The microbiota of banana plants

Scripts to process and analyze high-throughput sequencing reads

Figure 1. Banana mats (mother in the left, sucker in the right). Photo kindly provided by Javier López-Cepero

This repository includes all the scripts employed for the processing of amplicon sequencing reads and the scripts needed for all the subsequent ecological analyses.

1. Introduction

These analyses were made for the project EVOMICROBIA¹ (Evolución dirigida de consorcios microbianos mejorados para el biocontrol de la Fusariosis vascular del Plátano de Canarias). The main aim of this work was to analyze the microbial communities (bacteria and fungi) associated to the roots of banana plants (Musa acuminata cv. Pequeña Enana synonymous with Dwarf Cavendish). We also aimed at determining whether microbial members are transferred from mother to sucker plants through the root system, and if possible, to decipher which part of the microbiota is transferred from mothers to first suckers and from these to second sucker plants. We focused on two plots(orchards) located in different points in Tenerife Island (Canary Islands, Spain), with different agronomic management. In the following map, the location of both plots its indicated (Figure 2):

Figure 2. Map of Tenerife Island (Canary Islands, Spain) and location of the experimental areas.

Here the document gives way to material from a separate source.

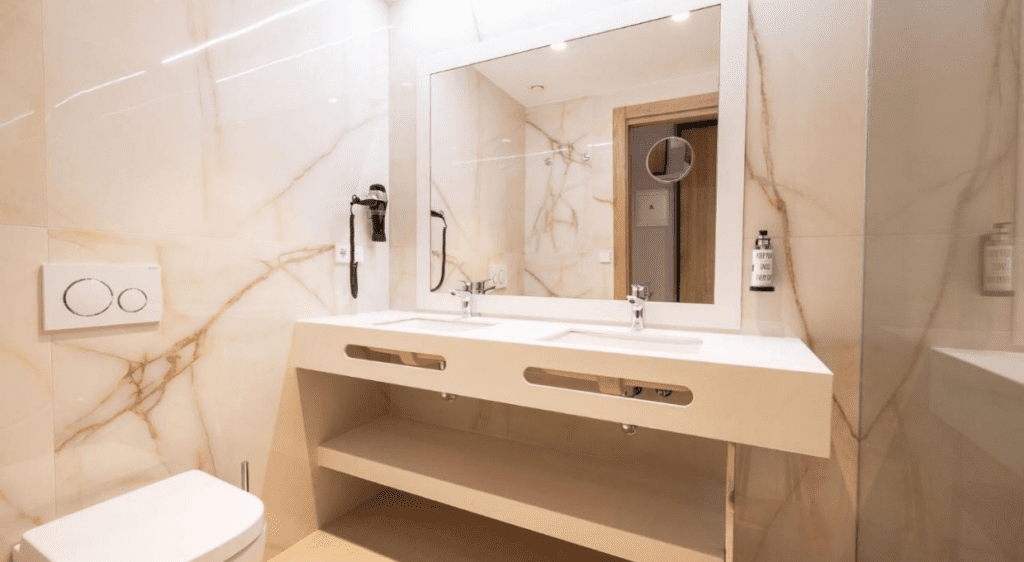 bathroom gold arcos hotel benidorm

1.1 But.. how do banana plants develop?

Banana mats are comprised of the underground rhizome (also named corm) from which “suckers” or new clonal shoots arise close to mother plants, the pseudostem (composed by tightly packed overlapping leaf sheaths), stem and leafs. Thus, suckers are forms of vegetative reproduction, and can develop and produce an inflorescence when they reach the adult state. Once mother plants produce fruit bunches and they are harvested, mother plants are cut since they do not produce bananas any more. This cycle repeats periodically, so suckers become mothers and so happens with all the clonal progeny (clonal “offspring”).

2. Experimental design

Samples were taken in two consecutive campaigns:

Year 2022: 12 healthy banana mother plants whose sucker plants were actively growing were selected from each of the orchards. Samples from rhizosphere soil of the 12 mother plants were manually collected, along with rhizosphere soils from the sucker plant growing close to the each mother. Roots from each mother and sucker plants were also collected in each orchard Thus, a total of 12 replicates x 2 plants in different developmental state (mother and sucker) x 2 orchards x 2 plant compartments = 96 samples.
Year 2023: the same sampling scheme was followed. However, it should be taken into account that plants that were suckers in 2022 acted as mothers in 2023, and their suckers were considered as the second suckers.

Have a look at the next table that summarizes the sampling scheme.

*Number of samples analyzed in each year, plant compartment and plot*.
Year 2022
		Plot 1 (South)		Plot 2 (North)
		Mother	Sucker	Mother	Sucker
	Rhizosphere	12	12	12	12
	Endosphere	12	12	12	12
Year 2023
	Rhizosphere	12	12	12	12
	Endosphere	12	12	12	12

3. Sequencing scheme

We started from 192 samples, from which total DNA was isolated (in the case of the roots, they were surface sterilized previously). Thus, we got 192 DNA samples. However, it should be taken into account that we wanted to analyze both bacterial and fungal communities. Thus, we had to sequence 192 x 2 = 384 samples (and also the controls). Due to the high amount of samples and the different sampling campaigns, our sequencing plan was divided into different runs. Furthermore, the sequencing service (Instituto de Parasitología y Biomedicina López-Neyra, CSIC, Granada) had to resequence some samples due to technical issues. Thus, our sequencing project had to be divided into the following sequencing runs:

Bacteria:
- Run 1: most of the samples corresponding to the first sampling campaign (2022).
- Run 2: some additional samples corresponding to year 2022.
- Run 3: samples corresponding to the second campaign (2023).
- Run 4: resequencing of some samples corresponding to year 2023.

Fungi:
- Run 5: most of the samples corresponding to the first campaign (2022).
- Run 6: other samples corresponding to 2022.
- Run 7: all the samples corresponding to 2023

It should be pointed out that in each sequencing run (just in the case of the bacterial dataset) three replicates of the mock community ZymoBIOMICS Microbial Community Standard II (ZYMO Research) were included.

4. Sample naming

The name of the samples was composed by a combination of alphanumeric characters.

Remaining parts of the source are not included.